**Work request:**
Below are records; reproduce exactly the lines from the one that has "Apartment for rent" through the one that has "Dusche, Haartrockner, Hausschuhe, Bidet", ends included, and nothing more.

**Exercise data:**
************

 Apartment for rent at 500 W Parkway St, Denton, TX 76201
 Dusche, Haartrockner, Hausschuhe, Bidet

************

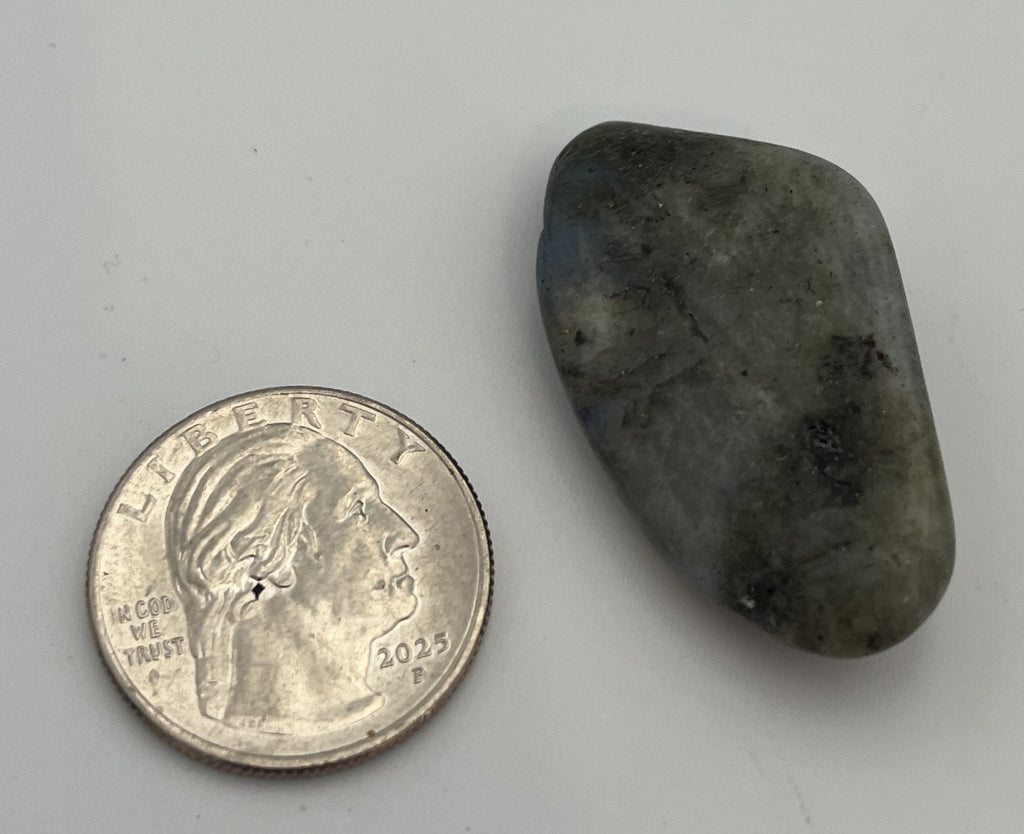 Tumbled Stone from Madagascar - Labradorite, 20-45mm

************

**Answer to the problem:**
 Apartment for rent at 500 W Parkway St, Denton, TX 76201
 Dusche, Haartrockner, Hausschuhe, Bidet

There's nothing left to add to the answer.